- Material to process
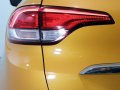 Thumbnail 9 del Renault Scenic dCi 130 Edition One Energy 96 kW (130 CV)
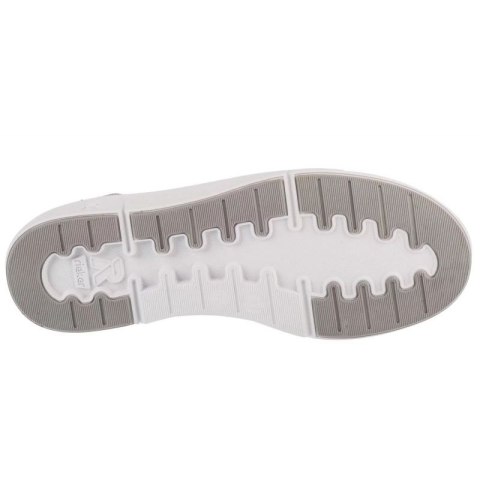 Buty Rieker Shoes W 41902-80 Buty Rieker Shoes W 41902-80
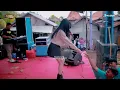Download Lagu NGERTENONO ATI KURNIA RAHMA  - SHAUN THE SHEEP - PEMUDA ORBIT BERSATU - ORO ORO OMBO TODANAN BLORA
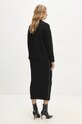 Answear Lab compleu 231072.tos negru WZ24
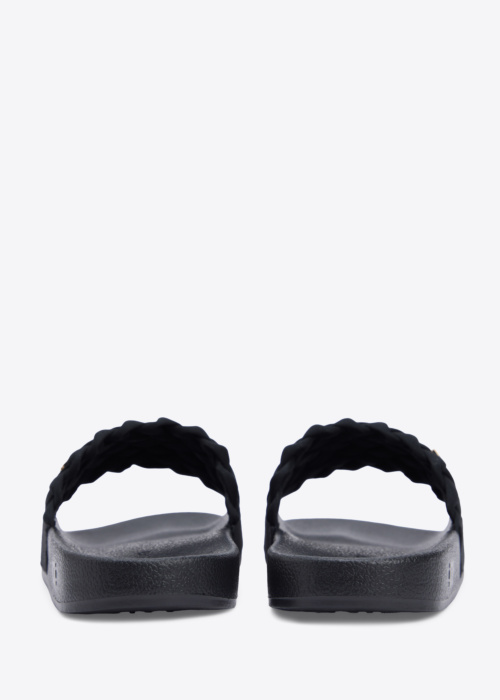 Tommy Hilfiger paplūdimio šlepetės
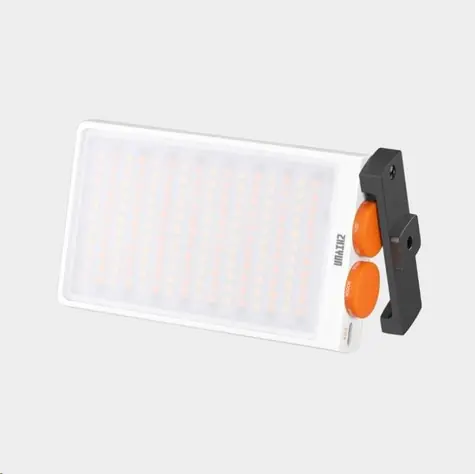 Zhiyun Fiveray M40 LED Vreckové LED svetlo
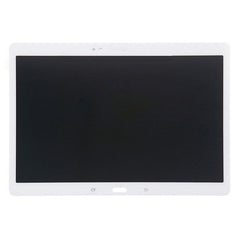 for Galaxy Tab S 10.5 / T805 LCD Screen and Digitizer Full Assembly, For Samsung T805, For Galaxy Tab S 10.5 / T805 Brown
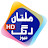 MULTAN RUNG NEWS tv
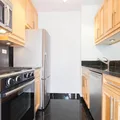 1 bedroom apartment for rent in Upper West Side - Manhattan, New York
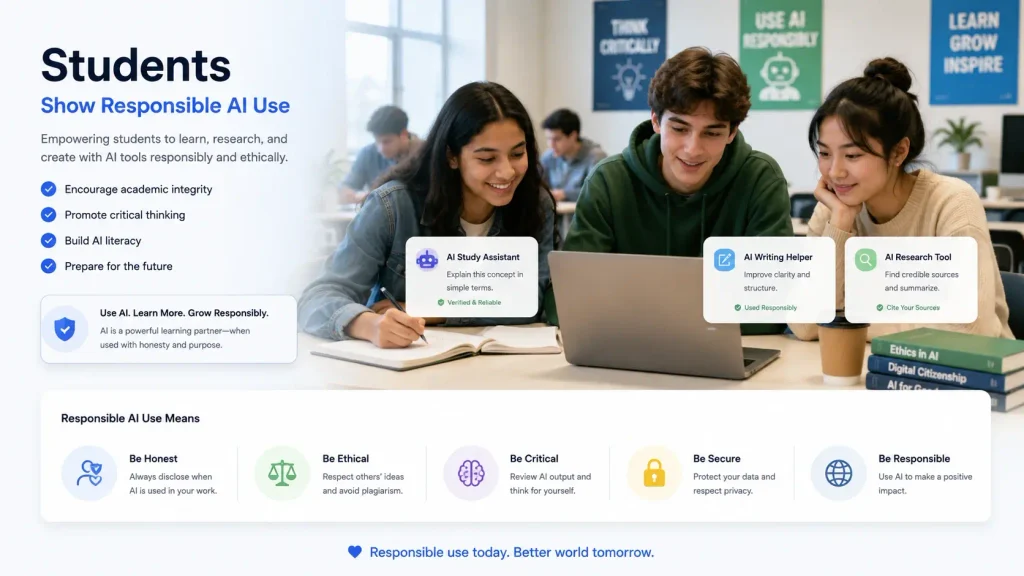 students ai learning students ai learning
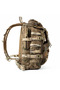 Tactical Backpack Başkurt Jandarma Mountaineering, Nature, Outdoor, Hiking, Operation, Camping, School, Earthquake - 3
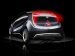Edag Light Car Concept Picture #1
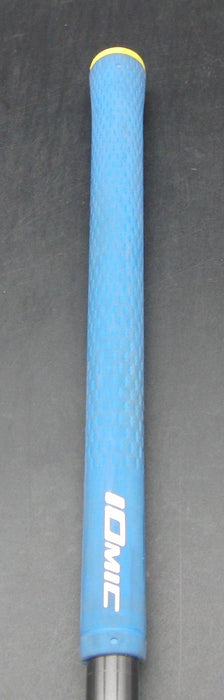 8959463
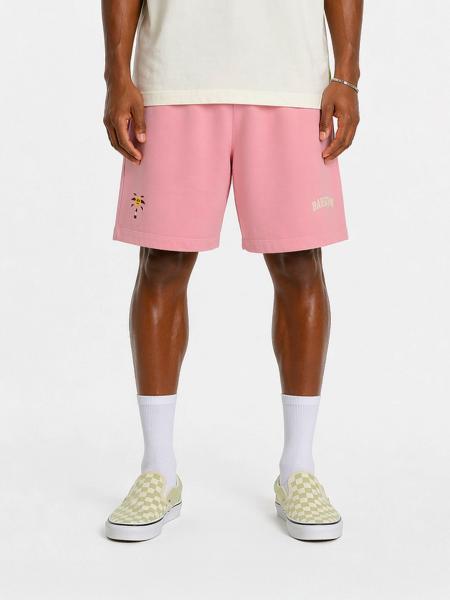 Shorts men Barrow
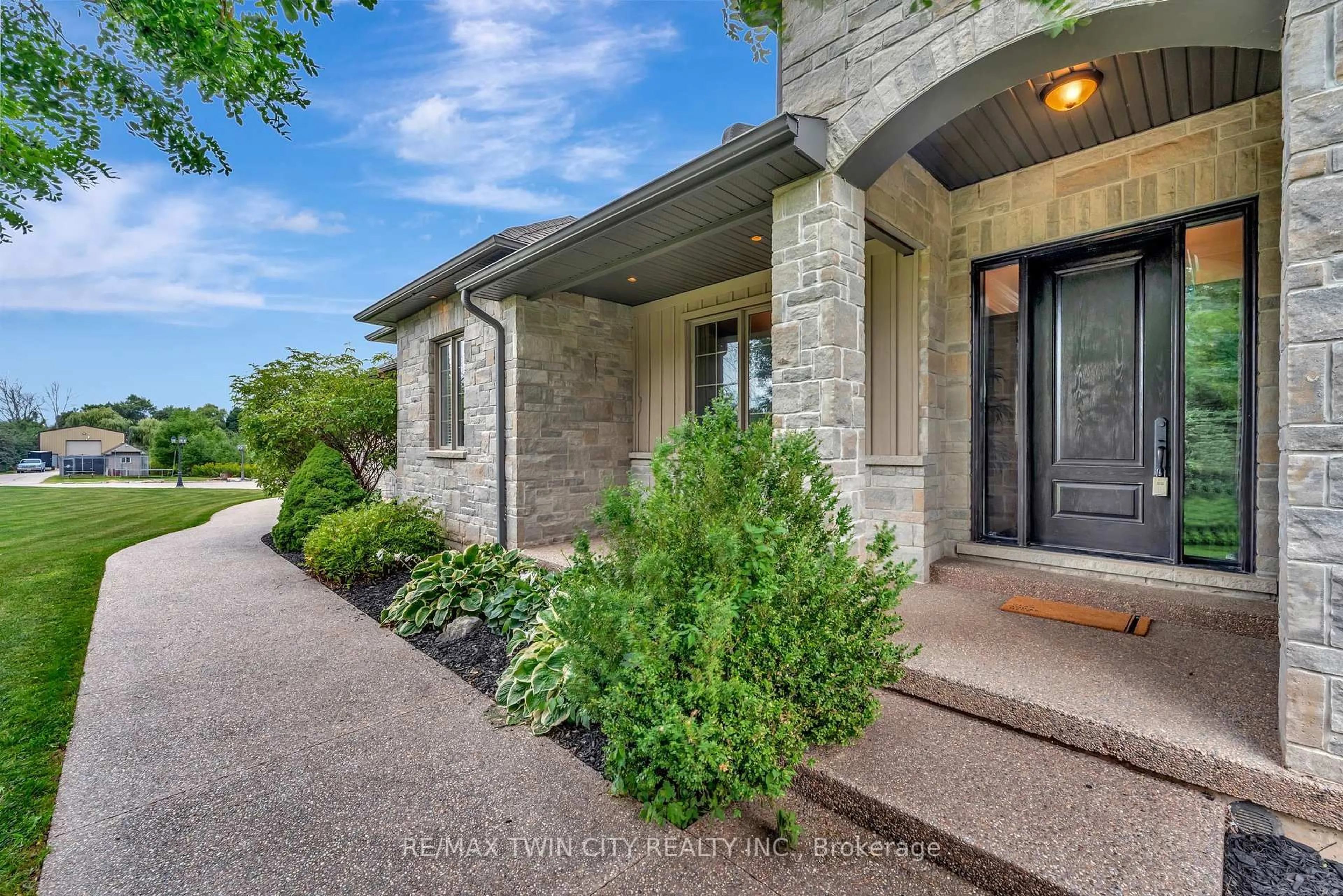 Unknown for 2616 Morrison Rd, North Dumfries Ontario N1K 4A1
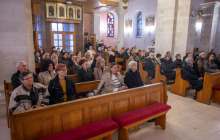 1.-dan-korizmena-obnova-2026-004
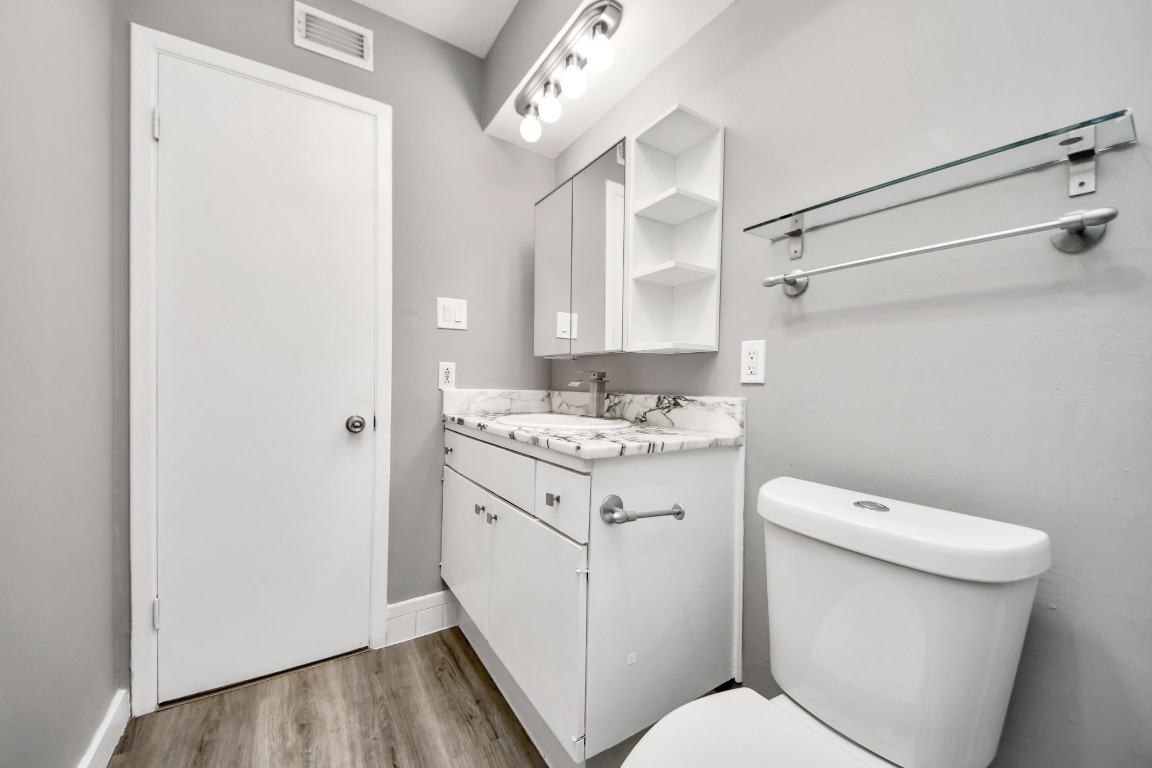 6311 Riverview Way Houston, TX 77057 - Photo 24 of 32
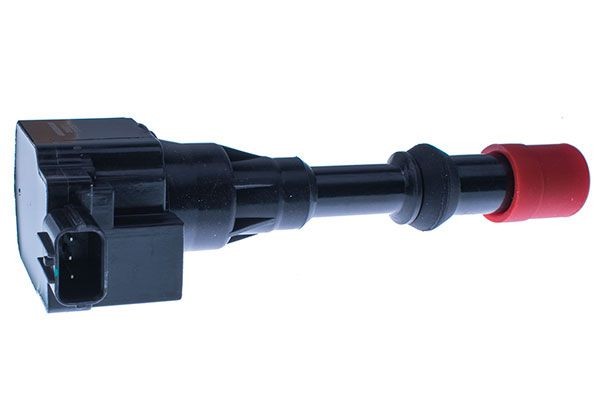DENCKERMANN Ignition coil Article number: E100061 cheaply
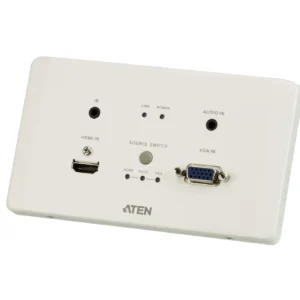 VE2812EUT 1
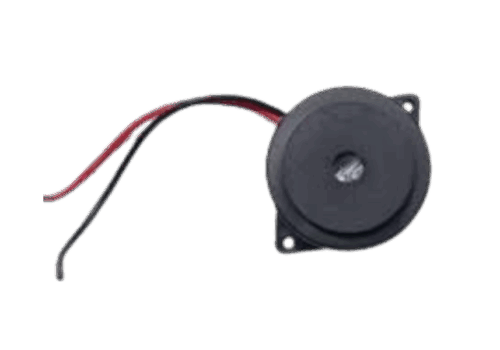 Buzzer Big B27 Buzzer Big B27
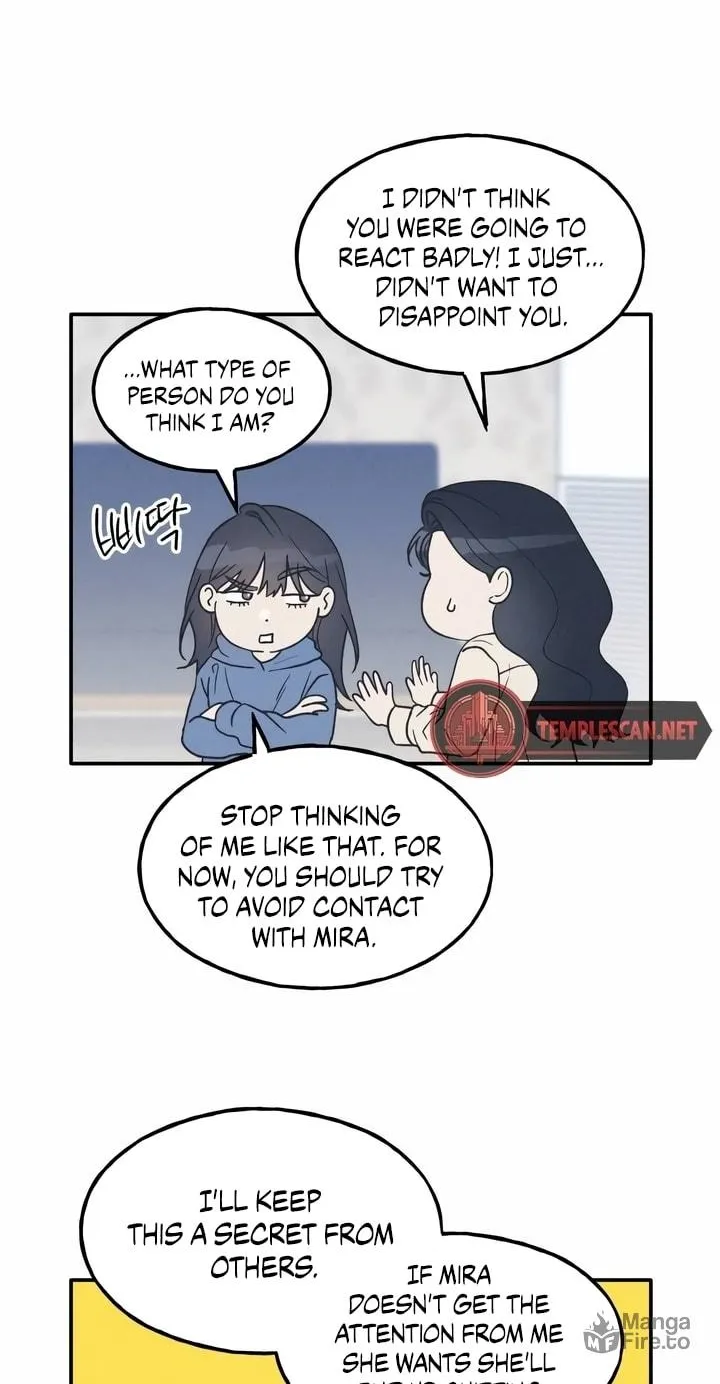 Read Boyfriend
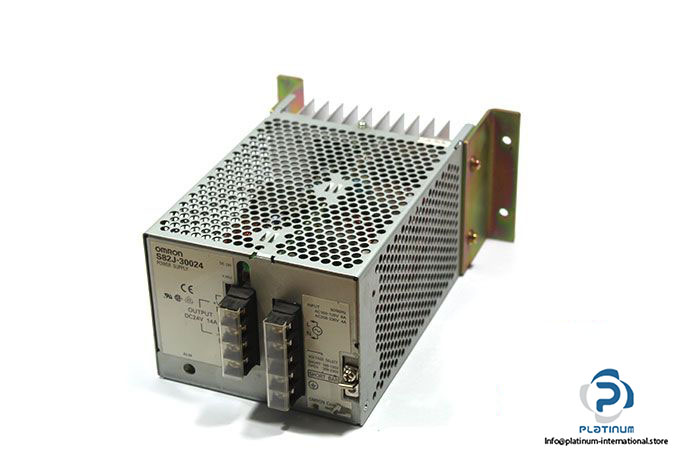 omron-S82J-30024-power-supply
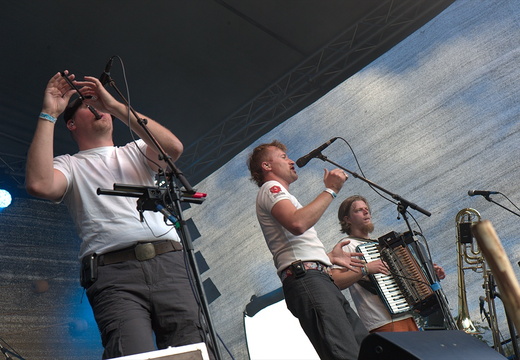 TX 12 07 L1049009.DNG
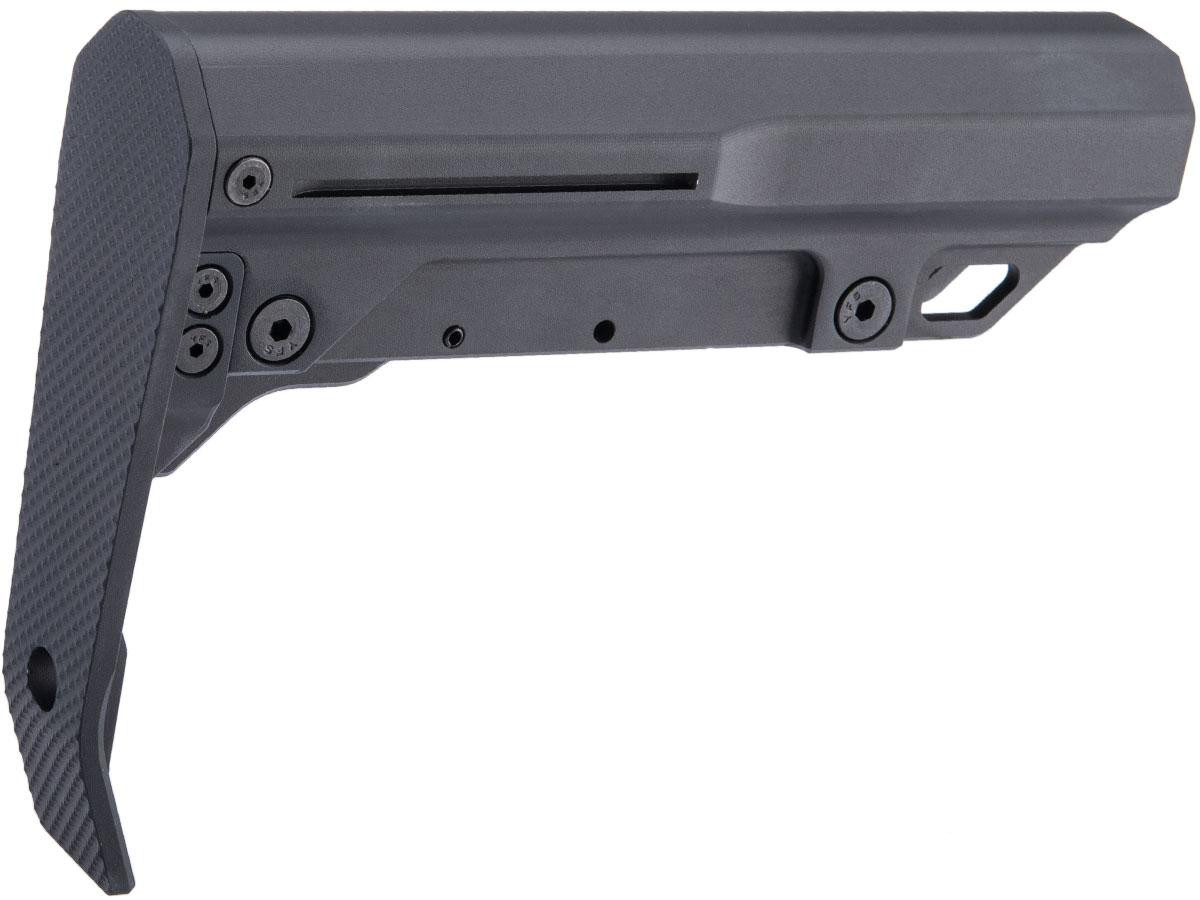 Mission First Tactical Battlelink Minimalist Aluminum Stock for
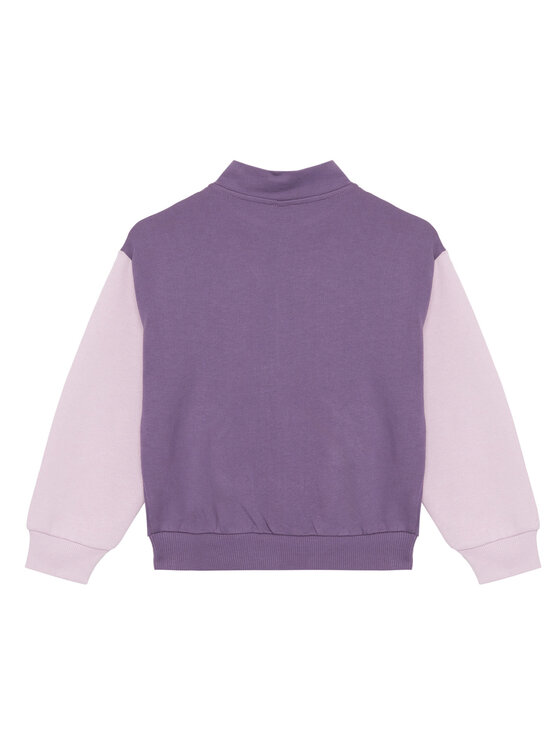 United Colors Of Benetton United Colors Of Benetton Džemperis 3J68C505D Spalvota Regular Fit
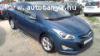 Elad aut Hyundai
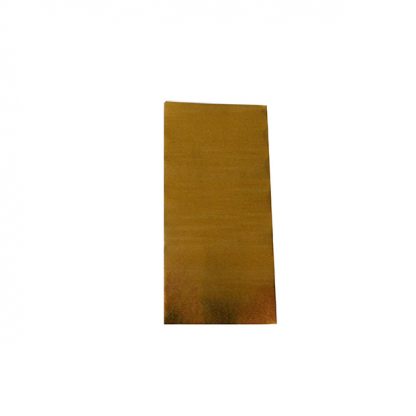 Brass-Sheet-Fountain-Pens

- Exercise directions
Pictures aside, return exactly the lines from the data above, starting at the line that has "Tommy Hilfiger paplūdimio šlepetės" and ending at the line that has "VE2812EUT 1", both included.

- Exercise response
 Tommy Hilfiger paplūdimio šlepetės
 Zhiyun Fiveray M40 LED Vreckové LED svetlo
 for Galaxy Tab S 10.5 / T805 LCD Screen and Digitizer Full Assembly, For Samsung T805, For Galaxy Tab S 10.5 / T805 Brown
 MULTAN RUNG NEWS tv
 1 bedroom apartment for rent in Upper West Side - Manhattan, New York
 students ai learning students ai learning
 Tactical Backpack Başkurt Jandarma Mountaineering, Nature, Outdoor, Hiking, Operation, Camping, School, Earthquake - 3
Edag Light Car Concept Picture #1
 8959463
 Shorts men Barrow
 Unknown for 2616 Morrison Rd, North Dumfries Ontario N1K 4A1
 1.-dan-korizmena-obnova-2026-004
 6311 Riverview Way Houston, TX 77057 - Photo 24 of 32
DENCKERMANN Ignition coil Article number: E100061 cheaply
 VE2812EUT 1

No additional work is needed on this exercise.